Sadly, it’s hard to call this story anything but predictable: The New York Times is reporting that the Iraqi National Assembly may soon approve its draft constitution over the objections of Sunni leaders, who, apparently disapprove mightily. Technically, the Shiites and Kurds could ram the constitution through parliament—although it could still be vetoed by three Sunni provinces during the referendum. Nevertheless, for all the usual reasons that approving a constitution over the objections of a large and pissed-off majority with lots of firepower is a bad idea, well, this is a pretty bad idea.

At any rate, there seems to be a lot of brinksmanship going on here among the various factions haggling over a constitution—Shiite leader Abdulaziz al-Hakim, for instance, has recently made surprise calls for autonomy in the Southern provinces—and one wonders whether a US threat to pull out from Iraq sooner rather than later, regardless of what shape the constitution is in, might actually scare the Shiites into softening their position and negotiating an agreement more amenable to all sides.

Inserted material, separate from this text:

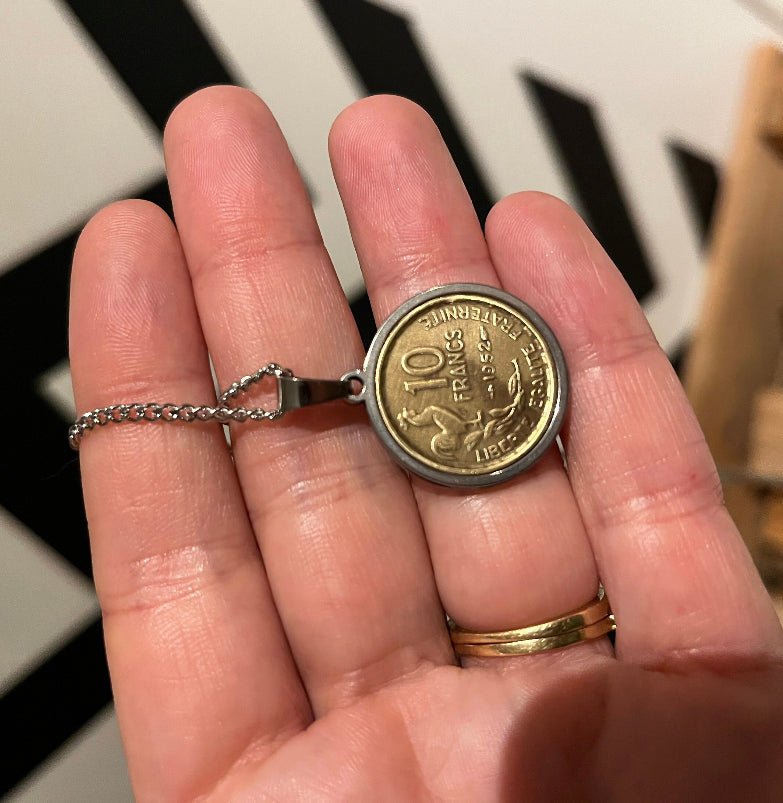Pendentif 10 Francs Guiraud monnaie nostalgie enfance souvenirs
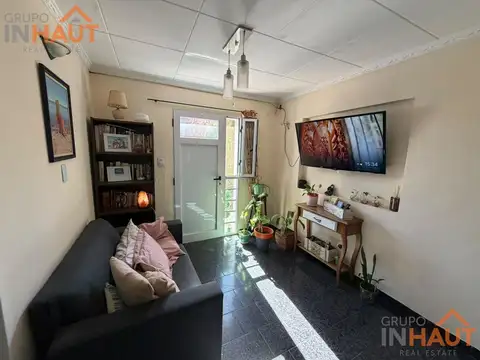 Casa   monoambiente en centenario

After all, it’s hard to see hardliners such as al-Hakim running roughshod over the Sunnis if the United States isn’t planning to stick around to protect him from the aftermath. That, at least, is one rationale behind the “set a timetable for withdrawal” camp here in the US. The logic here is pretty compelling, and I’m surprised more Democrats and war-opponents aren’t making it. On the other hand, many of these intra-Iraqi disputes seem so intractable—especially federalism, as well as the distribution of oil wealth—that any agreement forged under pressure would probably turn out to be extremely fragile and lead to further problems down the road.

Then there’s the third option: All camps could agree to dissolve the current National Assembly, hold new elections, and start this process all over again. In the medium and long run, this might actually be the best option for the future of Iraq, but it would also very likely extend the occupation, which would mean more dead Americans. (Juan Cole also offers up reasons to think that the Iraqi population wouldn’t have the stomach for yet another delay.) Whatever the merits of a further delay, it seems very likely that the US will do enough arm-twisting to push a constitution through sooner rather than later, so that the Bush administration can declare victory and then get the hell out of Iraq. Bush has made a lot of noise about ‘staying the course’ and showing resolve and all that, but the August 15 constitutional deadline was largely made with the 2006 midterm elections in mind, and none of that seems likely to change, though I guess we’ll find out for sure in a day or two—maybe even later today. Hey, perhaps something magical will happen and all sides will find reason to agree, though that looks pretty unlikely at this point.